We also don’t answer questions about depression and anxiety and self-harm. We get a lot of questions about that — -
K: We sometimes get … like, “help me, I’m suicidal.” [Lucy] actually sat one night until 3 a.m. emailing someone who was struggling. So we just had to say, okay, we’re not going to do that any more.
L: We feel so guilty, obviously, but there comes a point where it’s so stressful and so overwhelming. I just don’t think we are qualified to deal with those people … we’re not therapists, we’re not doctors. We do our best to send them on to people we think could help — we say, go to a doctor, find this blog — and there’s so many great therapy websites out there offering support, but we don’t answer those questions.
K: Just for our own personal well-being. So those are probably our two main things that we don’t talk about.
What’s up for you next?
K: I wish we could say!
L: There’s so much on our plates right now. I think the main issue with us is getting a visa for Kaelyn. At the moment, the plan is for her to move to England, because there’s no same-sex couples visa available in America right now, which sucks. So she’s planning on getting a worker’s visa, and hopefully moving over here next year … fingers crossed! And I’m in my second year of university and I’ve got one year left, so I would be finishing class and she would probably get a job. But that’s the plan at the moment, it’s always changing.

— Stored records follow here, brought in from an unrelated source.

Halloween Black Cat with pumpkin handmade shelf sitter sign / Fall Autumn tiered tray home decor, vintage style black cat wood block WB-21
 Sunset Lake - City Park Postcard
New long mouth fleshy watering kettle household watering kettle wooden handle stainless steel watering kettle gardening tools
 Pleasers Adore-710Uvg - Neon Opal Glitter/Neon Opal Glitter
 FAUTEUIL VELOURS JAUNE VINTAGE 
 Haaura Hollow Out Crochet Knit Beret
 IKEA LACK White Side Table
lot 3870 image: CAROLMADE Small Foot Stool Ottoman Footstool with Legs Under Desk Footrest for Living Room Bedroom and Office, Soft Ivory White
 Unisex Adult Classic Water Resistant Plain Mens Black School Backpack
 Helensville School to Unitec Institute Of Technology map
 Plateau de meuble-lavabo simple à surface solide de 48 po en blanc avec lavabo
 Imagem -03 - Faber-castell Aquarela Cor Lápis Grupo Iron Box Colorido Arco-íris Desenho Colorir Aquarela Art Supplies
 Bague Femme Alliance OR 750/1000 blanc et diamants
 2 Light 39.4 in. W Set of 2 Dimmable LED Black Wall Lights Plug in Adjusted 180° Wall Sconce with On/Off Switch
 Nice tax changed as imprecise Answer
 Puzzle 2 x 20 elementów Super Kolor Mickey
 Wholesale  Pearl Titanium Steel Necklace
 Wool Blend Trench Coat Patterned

K: Lucy will be coming over to Chicago in June, and so far that’s our last visit planned.
L: It’s scary. Because obviously we’ve only ever been long-distance, so to suddenly not have that any more is amazing.
Do you think if you two stay together, you’ll keep filming?
L: Definitely. I feel like there’d be no reason not to. I think people love seeing the progression of our relationship and how we change, and I think if we kept filming, it would be amazing. Not only for them, but for us. Imagine if we’re, like, 70 and looking back on this, and how we went from the July 2011 video up to living together … I think it would be incredible.
K: For me too. You know, if I could tuck the kids in at night and turn on one of our montage videos. I think that would be great for the kids to see.